Table partitioning is a technique used in SQL Server to physically organize the data stored in tables in different storage structures. In essence, it is splitting one large logical structure into smaller parts physically. The result is, we can improve performance for certain kinds of queries. More importantly, we can move data about using certain techniques.
We also need to clarify the filegroups concept because filegroups are that layer of abstraction used to separate data physically.

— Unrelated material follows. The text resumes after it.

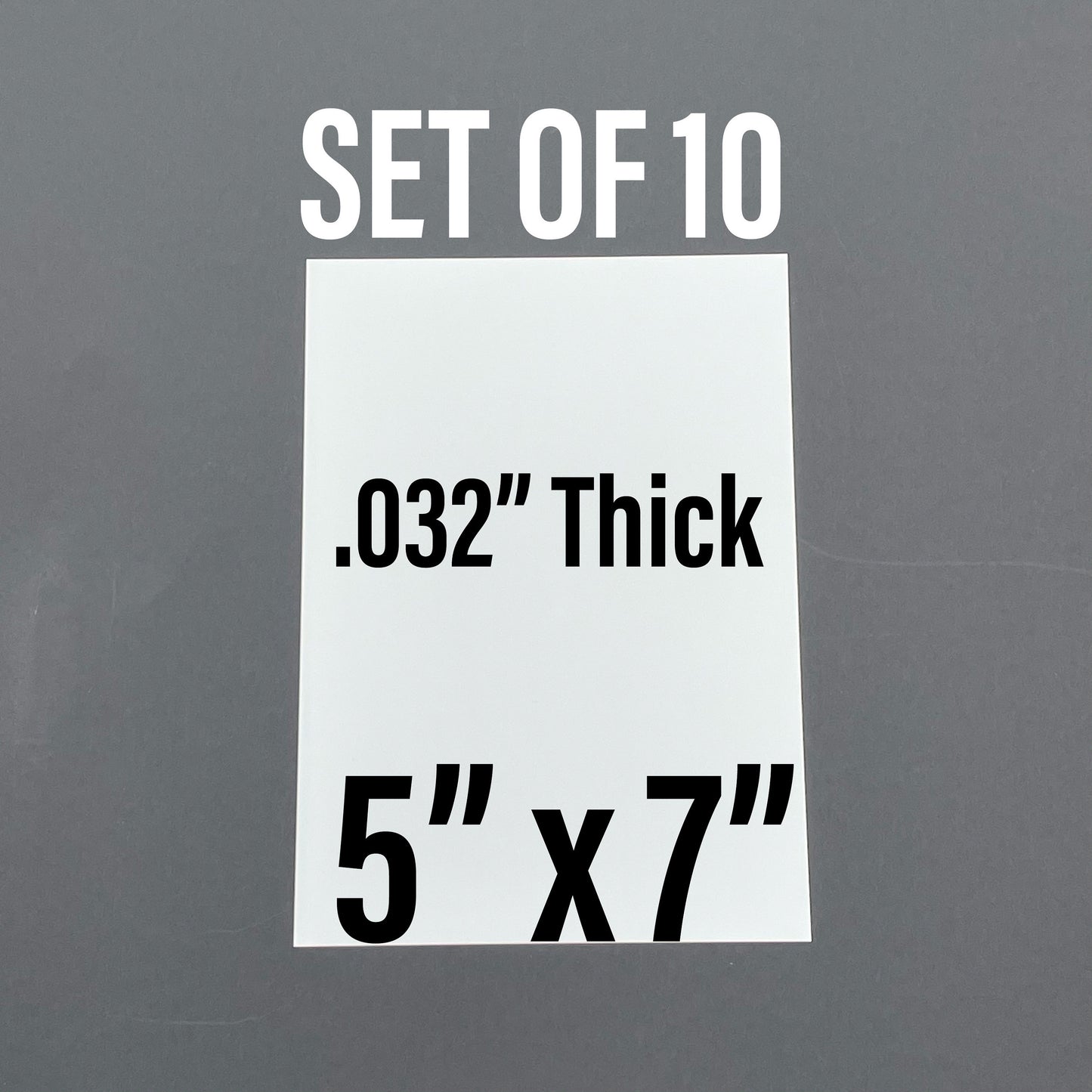 5x7 .032" THICK Gloss White Aluminum Dye Sublimation Blanks - 10 pcs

A filegroup is a logical construct that allows the SQL Server to see a collection of physical data files as a single logical unit. When an SQL Server writes the data into the filegroup, the data is spread across the files belonging to that filegroup. It is a File Group – a group of data files.
Tables Sit on File Groups
Whenever we create a table, it is created on a filegroup – the PRIMARY filegroup by default (if you don’t specify the filegroup at once). However, you can choose to place a table on a different filegroup if you wish.

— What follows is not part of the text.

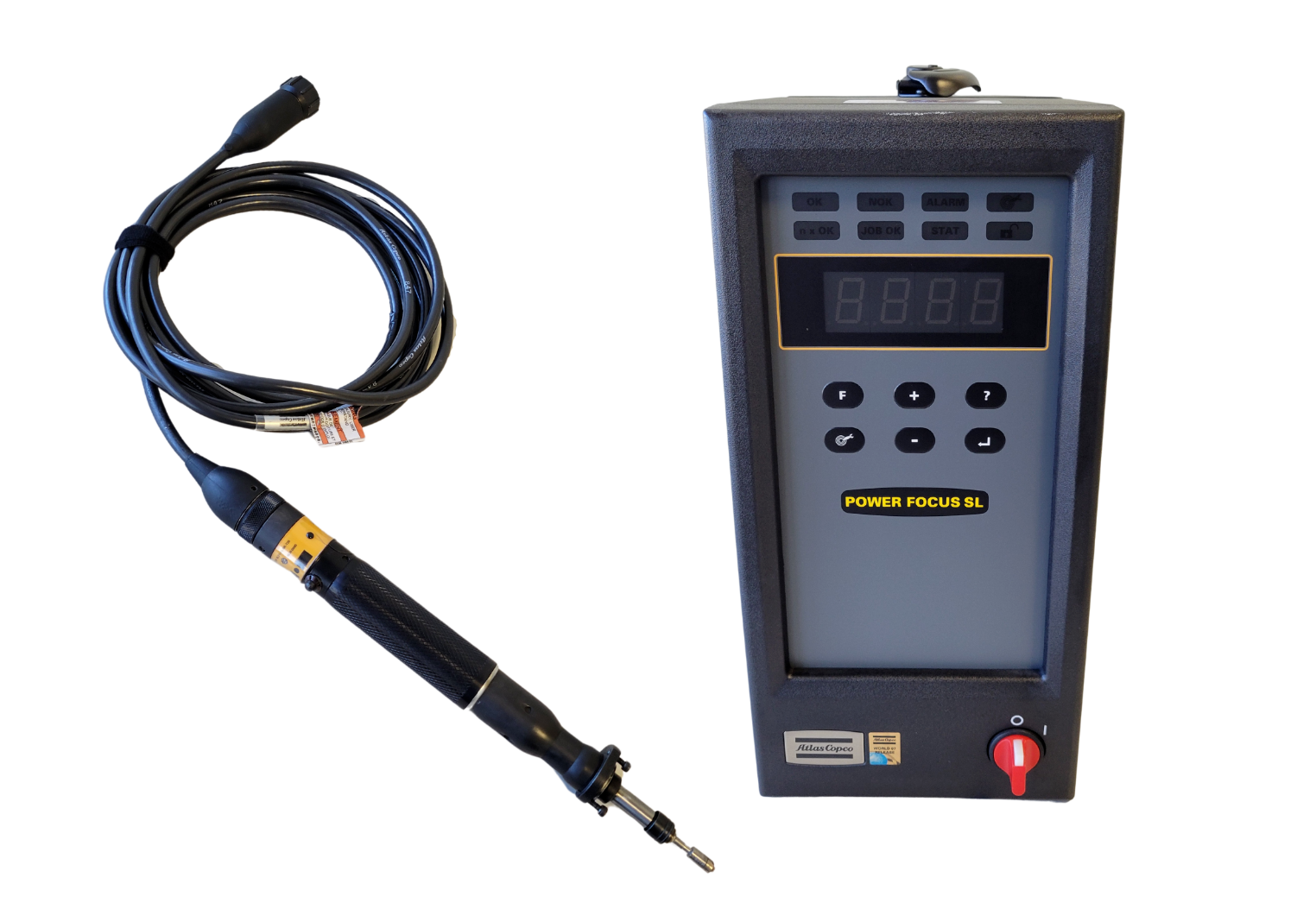 Electrical measurement device with digital display and cable on a white background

It is different, though, when you create a partitioned table. Then it must sit on a Partition Scheme.
Partition Schemes and Functions
A Partition Scheme maps a table to a set of filegroups. A Partition Function defines the criteria by which data is distributed across the filegroups belonging to the Partition Scheme. Thus, when we create a partitioned table, we must first create a Partition Function, and then a Partition Scheme.
Why Partitioned Tables?
Partitioned tables are helpful for several reasons. First, it is performance benefits when filegroups are sitting on separate disks. Then, we work with the appropriate degree of parallelism and queries that span one partition. Another reason is the maintenance benefit, specifically data archiving achieved by switching out partitions. In the following article you can get the details on the entire process: Switching Out Table Partitions in SQL Server: A Walkthrough. Other benefits include online index rebuilds, parallel operations, piecemeal restores of filegroups, etc.
We start by creating a regular table as shown in the following code:
-- Listing 1: CREATE TABLE Statement use DB2 GO CREATE TABLE memmanofarms ( fname VARCHAR(50) ,lname VARCHAR(50) ,city VARCHAR(50) ,PhoneNo bigint ,email VARCHAR(100) check (email like '%@%') ,gender char(1) )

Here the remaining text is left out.